We cautiously lifted the bilge covers and confirmed that the starboard engine was the problem. We limped back to the dock on the port engine, shut everything down and continued to Essex by land.
When I got in the bilge on Monday, I remembered our class discussions on impeller pumps and risers. Either could be the problem. After checking my maintenance logs, I decided to change both.
When I disassembled the impeller pump, it was full of neoprene particles, which meant some of the debris was in the system downstream. I back flushed it and collected what I thought was all the impeller debris.
I installed a new impeller but not without challenging my athletic flexibility. I spent most of the day with 1 leg around a support pole and the other cramped into the generator. I thought I would have to call 911 to get out of the bilge, but I finally managed to stand. The risers were next.
My bilge covers lift off, granting easy access to the risers. The marine wholesaler wouldn’t sell directly to me, so I bought 4 units off the Internet for $500 plus $8.65 shipping. They arrived 2 days later. I installed them without any real problems except for a few bruised fingers from trying to twist off hoses and line up 3 gaskets under each unit. When I tested the engine, it was still overheating.
After holding a dockside conference with 8 fellow boaters, I received myriad suggestions. As the pump impeller had disintegrated, I would have to back flush everything downstream again, first the oil cooler and then the transmission cooler.
I back flushed the units—searching the water like I was panning for gold—until I had 3 bucketfuls of clear water. You should have seen the contortions my aged body endured under that 330-horsepower V-8. I removed hoses and clamps that hadn’t been touched since 1990. I should have had a camcorder. Or maybe not—my performance might have been hilarious, but my language wasn’t.
I finally got out of the bilge and back to the helm. The engine started easily, and I sadly watched the temperature gauge climb past 190 degrees. Isn’t boating supposed to be fun?
The next culprit had to be the heat exchanger. I looked at it for 2 days, growled at it another day, and finally drained the cooler and started the extraction. Milking a bull would have been easier. When I got it off the engine block, I removed the cover and was astounded to see how small the tubes were and how readily they trapped bits of neoprene from the disintegrated impeller.
My friend, Scott, at Oak Leaf Marina, sent me to a repair shop in nearby Madison.

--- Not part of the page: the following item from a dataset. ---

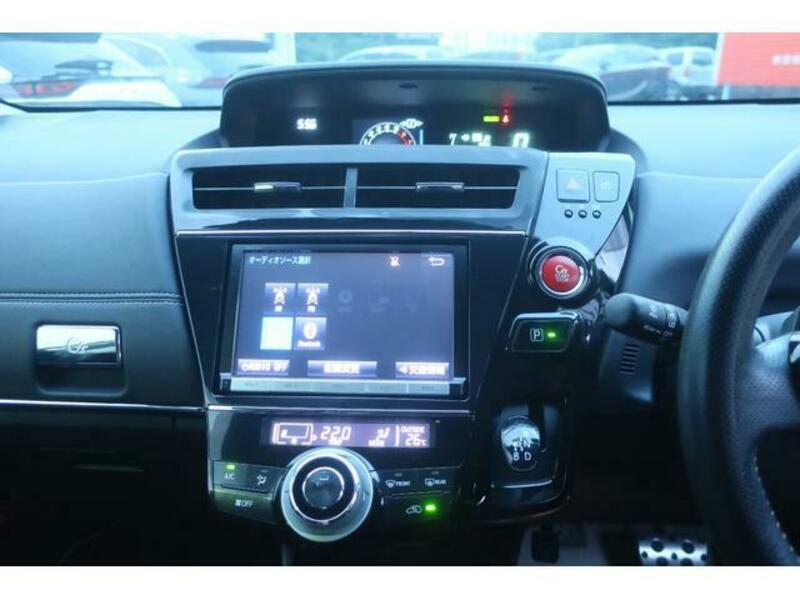 PRIUS ALPHA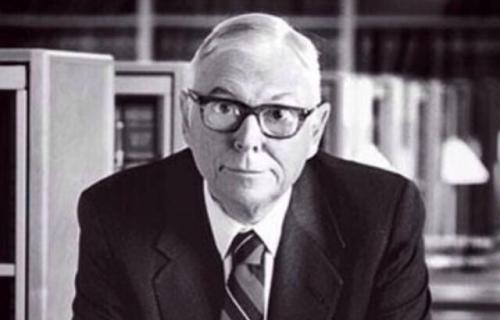 巴菲特股票每天做t的方法和技巧,恒指涨了8000点能赚多少钱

When I got down there, the owner looked at my exchanger and simply said, “Ready Friday or Monday?” I asked if I was the only goof who did this, and he assured me that he takes care of many fools on a weekly basis.

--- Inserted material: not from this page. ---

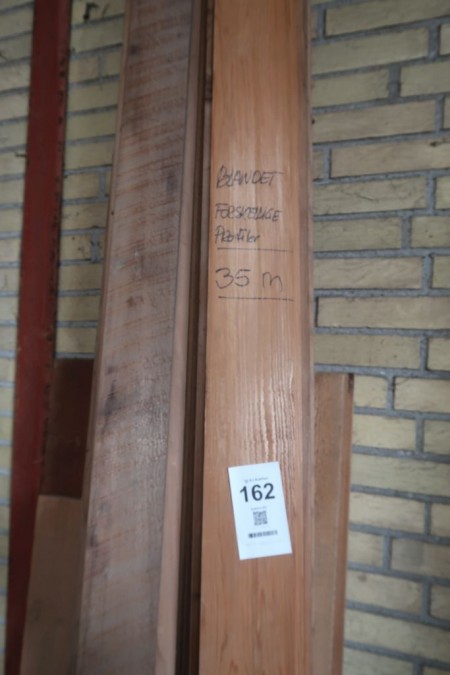 35 meters of mixed cedar boards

Confident that the problem was solved, I picked up the exchanger. With the exchanger back in place and a new impeller in the pump, I started the engine. Soon, it was almost as hot as the exhaust, and the indicator rapidly passed 200 degrees.
As it turns out, the impeller pumps are unidirectional and must be installed consistent with the engine rotation. I went back to Scott, who sold me 2 impeller kits and explained that by rotating the pumps 180 degrees, I should align the intake and outlet to match the engine rotation.
I took off the pumps and installed the new kits, and now the engines run cool.
If you think this story was messy, just wait until I tell you about replacing the holding tank that sprang a leak.